The region is already an established hub for automotive manufacturing. Slovakia is the largest car producer per capita in the world. In 2021, the country of 5.4 million people produced over one million cars. From 2026, the Volvo plant in Košice could add another 250,000 cars. Germany’s famous auto industry makes up five per cent of its gross domestic product (GDP), but Slovakia’s automotive industry accounts for a whopping 13 per cent of its GDP. Cars make up a third of Slovakia’s exports. 

Poland is another leading auto producer, manufacturing vehicles for Volkswagen, Opel, Fiat and Lancia. According to the US International Trade Administration, Poland’s automotive industry accounted for, “11.1 per cent the total value of the country’s production and is second only to the food industry”. In Romania meanwhile, more than 180,000 people work directly in the production of motor vehicles, making it the fourth largest workforce in the automotive industry in the EU.  

Hungary’s auto sector employs around 170,000 people, and the automotive industry accounts for roughly one-third of Hungary’s industrial output and one-fifth of exports.  

More can be done 

The predominance of the auto industry in Central Europe means new investors can hire workers who are already knowledgeable about the manufacturing process. But in order to keep this advantage, the region will have to do even more to embrace EV production.  

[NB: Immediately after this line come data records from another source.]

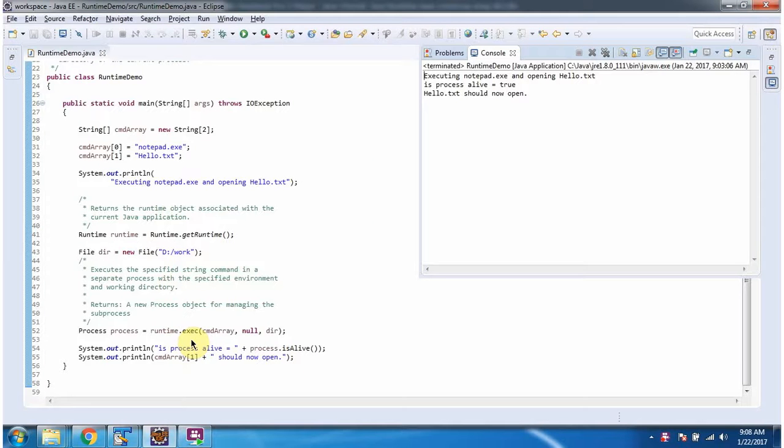And this is about the execute method which accepts a command array, an array of environment variable settings, and the directory location. Thanks for watching.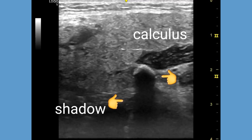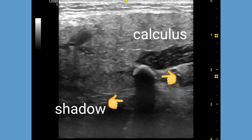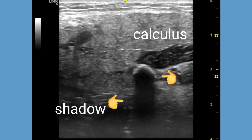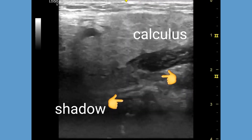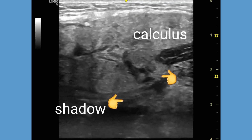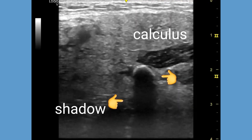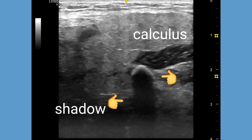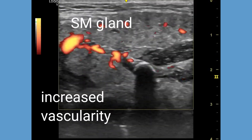The calculus appears as a bright echogenic area with a dark acoustic shadow posterior to it. This indicates the high density and acoustic impedance of the Wharton's duct calculus.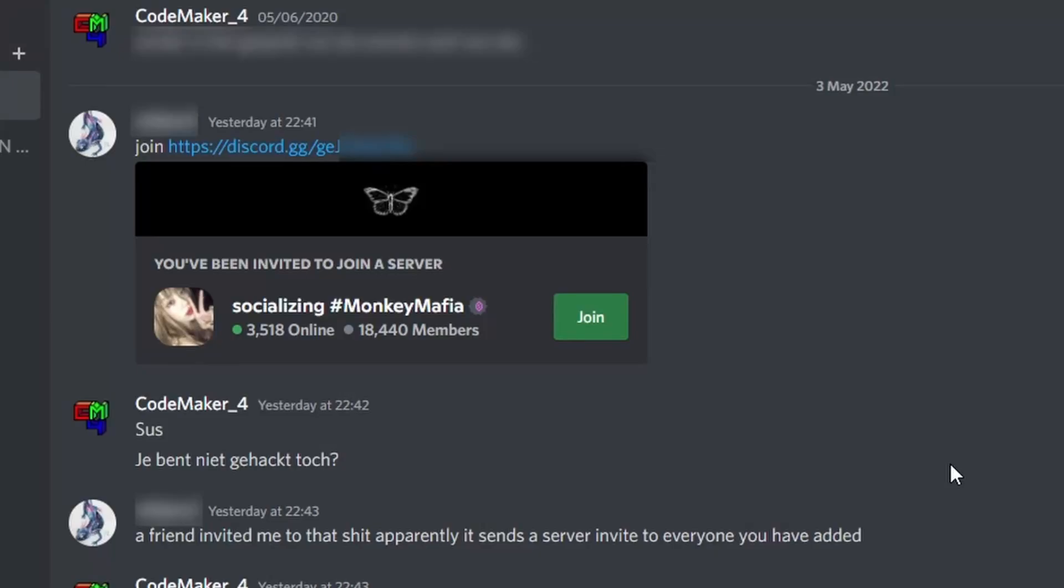A while ago I suddenly got a message from a friend that I haven't talked to in a while, and it was a Discord invite link. The link is blurred because it's dangerous and you're stupid, so I'm not going to show you the link.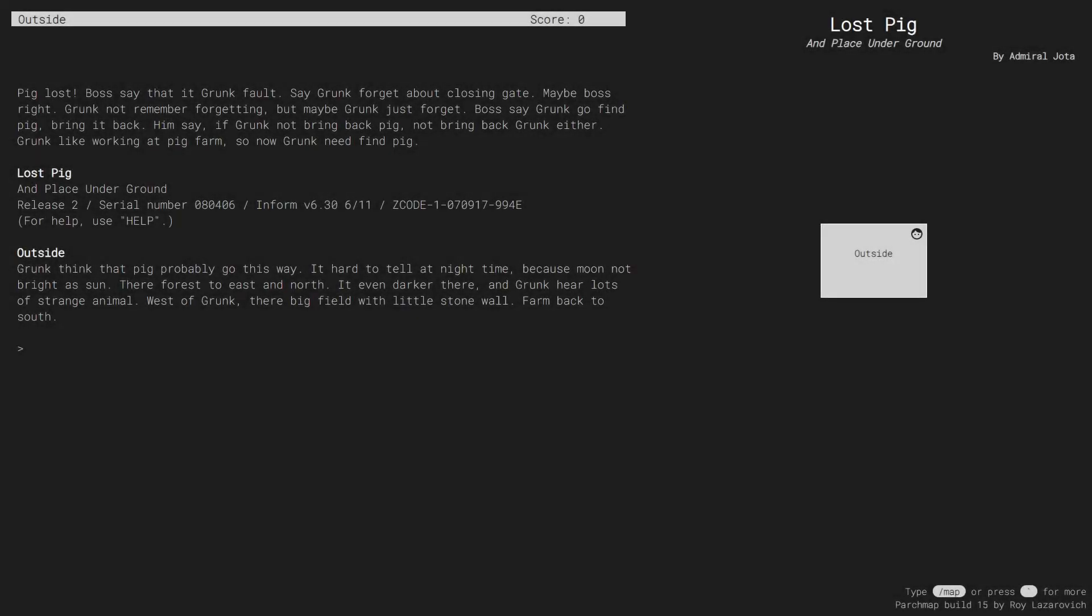Hello everybody, this is a quick demonstration of ParchMap, a tool that provides features such as automatic mapping and navigation, note-taking and auto-complete for text adventure games, aka interactive fiction.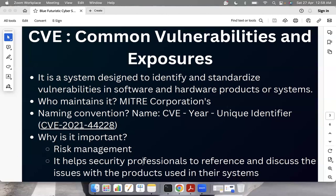By giving this unique identifier number, anyone can reference it uniquely. The first importance of CVE is it helps in risk management. Organizations use different softwares and libraries in their products. For example, Log4j is a very famous logging library used in Java. If a CVE is associated with it, an organization using Log4j will have to assess the risk and do patch management — applying fixes such as updating the Java version to 2.12. CVE also helps security professionals reference and discuss issues with products used in their systems.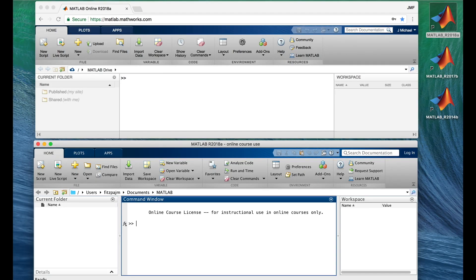Welcome back. I hope you didn't have any trouble getting MATLAB and that you're ready to start using it. I've got two MATLAB desktops open here — MATLAB Online on top and my installed version at the bottom. You should have one desktop open, either MATLAB Online or your installed version.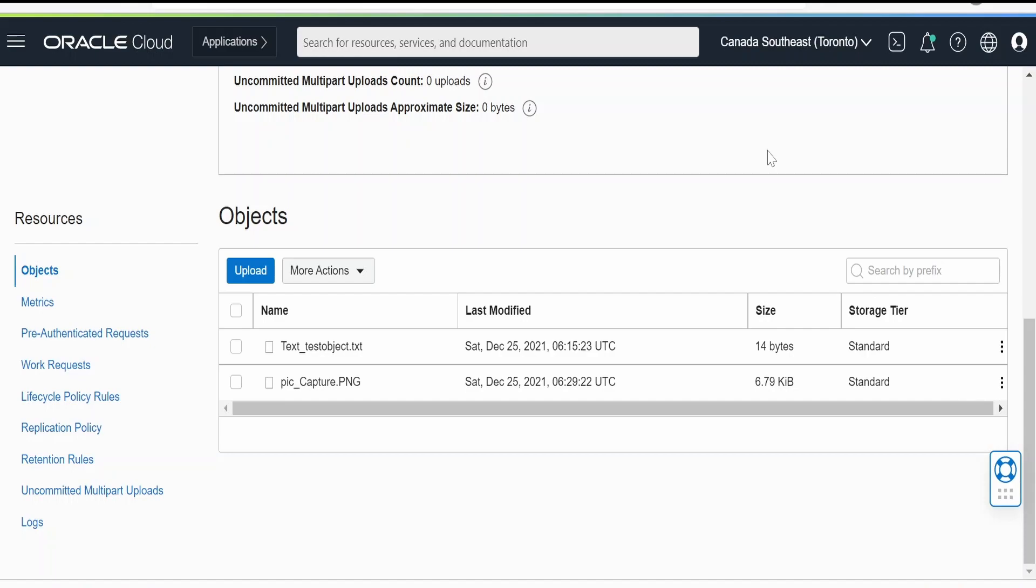Hello and welcome. In our previous video we saw how to upload objects to object storage in Oracle Cloud and how to download an object from Oracle Cloud and push to SFTP with the help of OIC integration. In this video we're going to see how we can do the same with OCI functions and trigger this OCI function from Oracle Integration Cloud.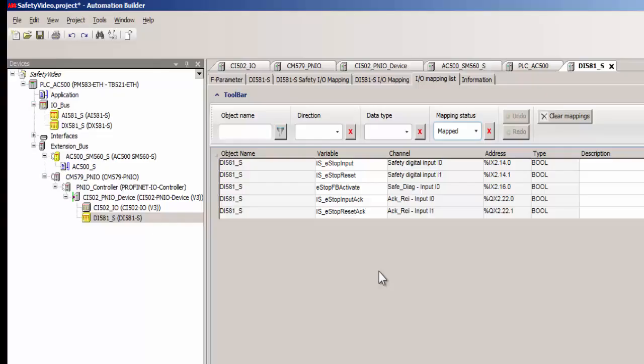Similarly a single channel type reset button is wired to the channel 1. Appropriate acknowledge reintegration bits are mapped, so that the channels could be reintegrated should there be a channel passivation. After the cause of passivation is removed and a reintegration action is initiated either manually or programmatically.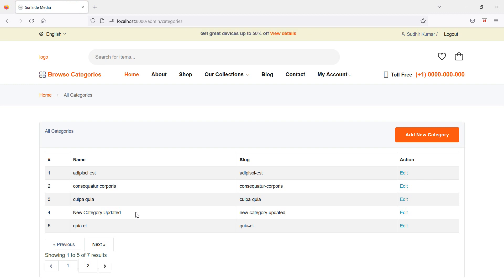So in this way you can update the product category. That's all about editing the product category. Thanks for watching this video, and if you have any questions you can ask in the comment box. Don't forget to subscribe to the channel.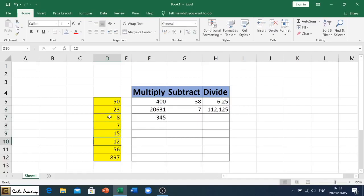And that's how we multiply, subtract, and divide within Excel.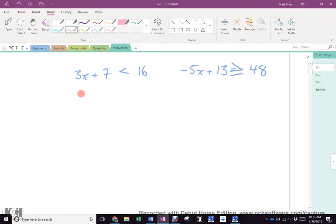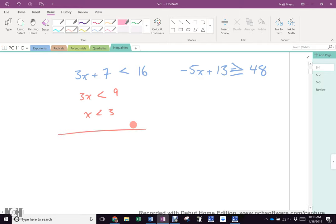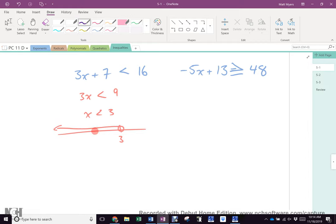All right, 3x is less than 9x is less than 3 — how do I graph it? What do I have to do at 3? I got an open circle — why? Yes, up to 2.99999 infinitely, but not 3. What's the way we check that we did it right? Easiest number to check with is 0. Is 3 times 0 less than 9? Yes — so we're correct.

Most of the engines produced in Slovakia for example are still traditional combustion models. The electric motors used in EVs are simpler to build and require fewer parts and less work to assemble. Ultimately, this means fewer workers will be needed to maintain the same rate of auto production once a transition to EV manufacturing is complete. 

Dacia—a Romanian auto manufacturer now owned by the French Groupe Renault—remains Romania’s largest company by revenue and its largest exporter. Its Jogger Hybrid 140 model, Dacia’s first hybrid propulsion vehicle, rolled off the production line at Mioveni, near Pitești, in January. 

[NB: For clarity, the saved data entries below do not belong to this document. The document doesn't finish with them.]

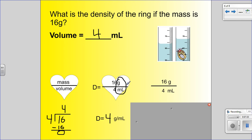Now you know how to calculate density. If I give you mass and volume, you can calculate it. If I give you a cube or regular shaped object, you can calculate it. And if I give you an irregular shaped object, you can calculate it. You're a density pro. Let's go prove it. Thanks for listening.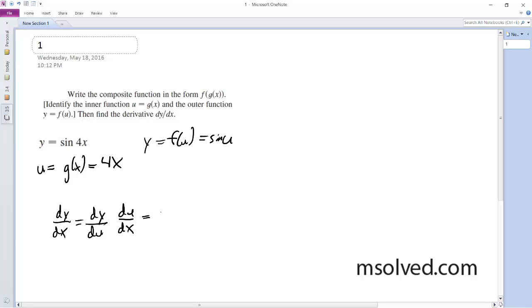which is going to be equal to the derivative of the sine of u is the cosine of u, and the derivative of what's inside is 4.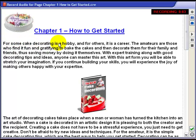For some, cake decorating is a hobby; for others it's a career. The amateurs are those who find it fun and gratifying to bake the cakes and decorate them for their family.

However, while its Dacia Spring is one of the least expensive EVs on the European market, in order to keep costs as low as possible, Dacia is manufacturing it in China rather than Romania.  

At the other end of the scale, Rimac in Croatia makes one of the world’s fastest—and most expensive—electric cars.

Poland’s electric dreams 

In Poland, which has long held dreams of producing its own electric vehicle, the much-touted Izera currently remains on the drafting table. 

In November, ElectroMobility Poland (EMP), the state-led firm behind the car, signed a licence agreement with Chinese company Geely to supply the platform for the vehicle. In March it agreed a deal with Italian design firm Pininfarina. 

Hit by delays ever since a prototype was first presented in 2020, production of the first Izera model was initially pushed back from 2023 to 2024, and more lately to 2025. The model, an SUV, is now slated to go on sale by mid-2026. 

Last week however it was revealed that EMP does not yet own the proposed site of the Izera plant, at Jaworzno near Katowice, which will be put up for tender at the end of September. “If we are unable to acquire the site, we have alternative locations,” EMP said in a statement.

Failure to acquire the Jaworzno site would likely push the Izera’s schedule back even further.